Now we regularly find exceptionally good sounding Red Label reissues with plenty of lovely Tubey Magic. We cannot tell the originals from the reissues during the shootout, because they sure don’t fit with our idea of what a reissue would sound like. Lots of originals can sound thin and bright the way some Columbia Red Label pressings do.
Fortunately we can’t see the labels of the records that we’re auditioning, which helps make the admittedly subjective evaluation of records somewhat more objective than might otherwise be the case.
What We’re Listening For on Mr. Tambourine Man
- Energy for starters. What could be more important than the life of the music?
- Then: presence and immediacy. The vocals aren’t “back there” somewhere, lost in the mix. They’re front and center where any recording engineer worth his salt would put them.

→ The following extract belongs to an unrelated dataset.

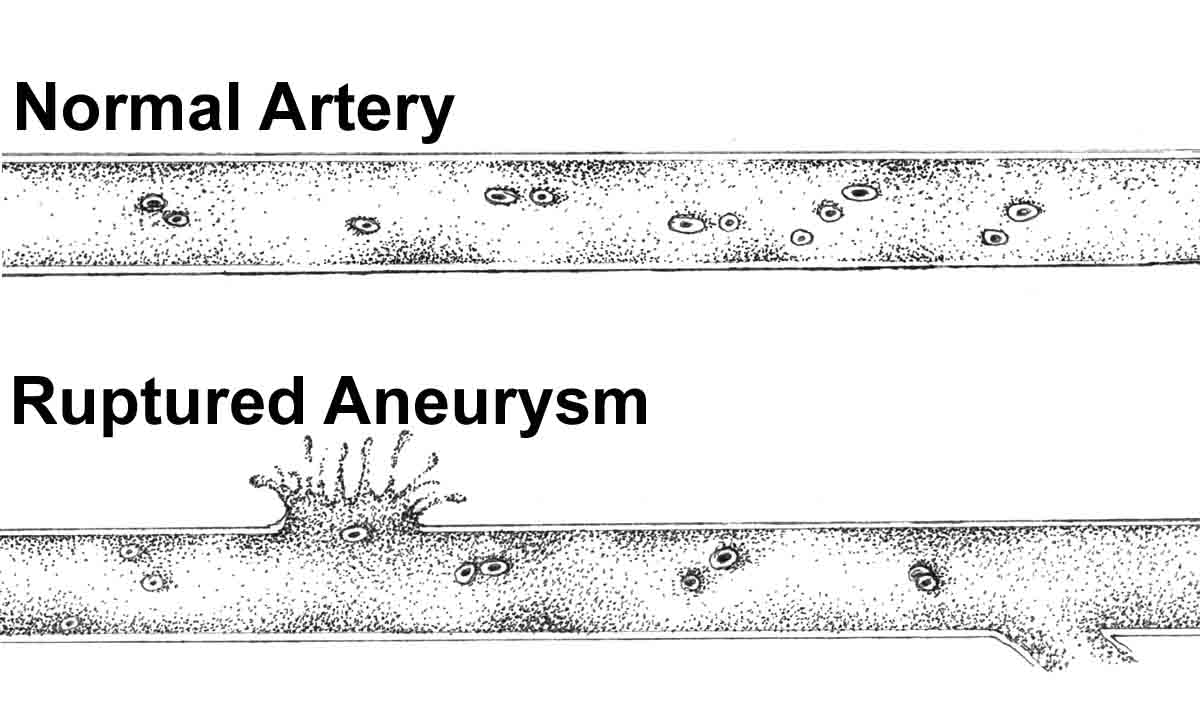 aneurysm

- The Big Sound comes next — wall to wall, lots of depth, huge space, three-dimensionality, all that sort of thing.
- Then transient information — fast, clear, sharp attacks, not the smear and thickness so common to these LPs.
- Tight punchy bass — which ties in with good transient information, also the issue of frequency extension further down.
- Next: transparency — the quality that allows you to hear deep into the soundfield, showing you the space and air around all the instruments.
- Extend the top and bottom and voila, you have The Real Thing — an honest to goodness Hot Stamper.
None of the Columbia monos we’ve played have ever done much for us. Congested and compressed, with no real top, who in his right mind could possibly tolerate that kind of sound on modern equipment?
Although, to be fair, we’ve stopped buying them, so there may actually be a good copy or two out there in used record land that we haven’t heard. In our defense, who really has the time to play records with so little potential for good sound?
This is probably the best of all the Sundazed mono reissues. I never thought I would hear a Sundazed record with this kind of richness and sweetness. It reminds me of a good 360 pressing, and that has virtually never happened before. Side one is a tad better than side two, which is slightly brighter than it should be. But both sides are exceptionally good considering the modern mastering.
Mr. Tambourine Man
I’ll Feel a Whole Lot Better
Spanish Harlem Incident
You Won’t Have to Cry
Here Without You
The Bells of Rhymney
All I Really Want to Do
I Knew I’d Want You
It’s No Use
Don’t Doubt Yourself, Babe
Chimes of Freedom
We’ll Meet Again
AMG 5 Star Rave Review
One of the greatest debuts in the history of rock, Mr. Tambourine Man was nothing less than a significant step in the evolution of rock & roll itself, demonstrating that intelligent lyrical content could be wedded to compelling electric guitar riffs and a solid backbeat. It was also the album that was most responsible for establishing folk-rock as a popular phenomenon, its most alluring traits being Roger McGuinn’s immediately distinctive 12-string Rickenbacker jangle and the band’s beautiful harmonies.